Takato Mori (Rikkyo): "Complexity of purification in random matrix theory" (15min)
How is a complexity of a mixed state quantified? We challenge this problem in the Krylov formalism, in which complexity is interpreted as how large an operator/state spreads in the operator/state space as time evolves. Purification enables us to calculate the spread complexity even for mixed states. In addition, this defines several different complexities, which are mutually related by conjectured inequalities with the operator complexity. We demonstrate the hierarchical relation in one and two qubits and random matrix theory. This talk is based on an updated version of https://arxiv.org/abs/2408.00826 appearing soon in arXiv.
Sergio Emest Aguilar Gutierrez (OIST): "Chord Fusion Geometry, Multiple Shocks and Switchback in Double-Scaled SYK" (15min)

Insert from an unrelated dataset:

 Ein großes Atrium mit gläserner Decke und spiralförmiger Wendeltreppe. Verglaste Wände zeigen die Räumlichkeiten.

We investigate the geometric interpretation of chord fusion and construct interior states with an intertwining property. This enables the generation of Lin–Stanford bulk states with matter insertions from boundary states of fixed energy or temperature. Using these states, we derive exact results for chord diagrams involving multiple crossings in the bulk. We then develop path integral techniques that, in the semiclassical limit, describe single and multiple shockwave configurations in an AdS$_2$ black hole background. Combining these tools, we derive precise conditions under which the switchback effect is realized, in terms of the total chord number in the DSSYK, which can be interpreted in terms of Krylov operator complexity. Thus, our work elucidates the structure of chord amplitudes with multiple operator insertions; its bulk interpretation in terms of q-deformed shockwave geometries; and on the derivation of the switchback effect in the DSSYK model. Based o work in progress with Jiuci Xu.

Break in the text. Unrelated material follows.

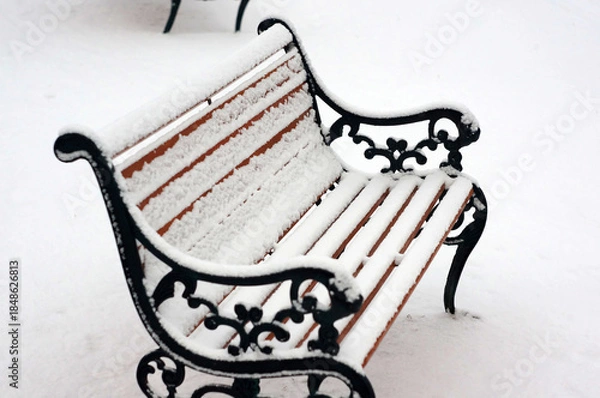 Fototapeta しんしんと降り積もる雪に覆われた公園のベンチ。静かな冬の日の屋外風景。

Yu-ki Suzuki (YITP): "Holographic Entanglement in the FLRW spacetime" (15 min)
We compute the holographic entanglement entropy in the FLRW spacetime via Ryu-Takayanagi formula. We impose the strong subadditivity and discuss when it is satisfied.
16:35-17:50 Sandip Trivedi: "JT gravity in deSitter Space and Its Extensions"
We will discuss the canonical quantisation of JT gravity in deSitter space and related ideas.
Poster Guideline
The size of a poster board is 86.8cm (width) and 151.5cm (height). Each presenter can use one board. Magnets will be provided.
Registration
Registration is closed.
Venue
The workshop will be held at Panasonic Auditorium, Yukawa Hall, Yukawa Institute for Theoretical Physics, Kyoto University, Kyoto, Japan. Please check the "Access maps" in the YITP webpage.
Organizers
Masamichi Miyaji (YITP), Tokiro Numasawa (University of Tokyo), Tadashi Takayanagi (YITP), Kotaro Tamaoka (Nihon), Zhenbin Yang (Tsinghua)
About this workshop
This workshop is "YITP International Workshop Led by Young Researchers" supported by YITP.
Acknowledgement
If your research was benefitted from discussions/talks/new collaborations during this workshop, please acknowledge YITP, as it will help organizing workshops in the future.
Example:
The authors thank the Yukawa Institute for Theoretical Physics at Kyoto University, where this work was initiated [partially done/completed] during the YITP-I-25-01 on "Black Hole, Quantum Chaos and Quantum Information".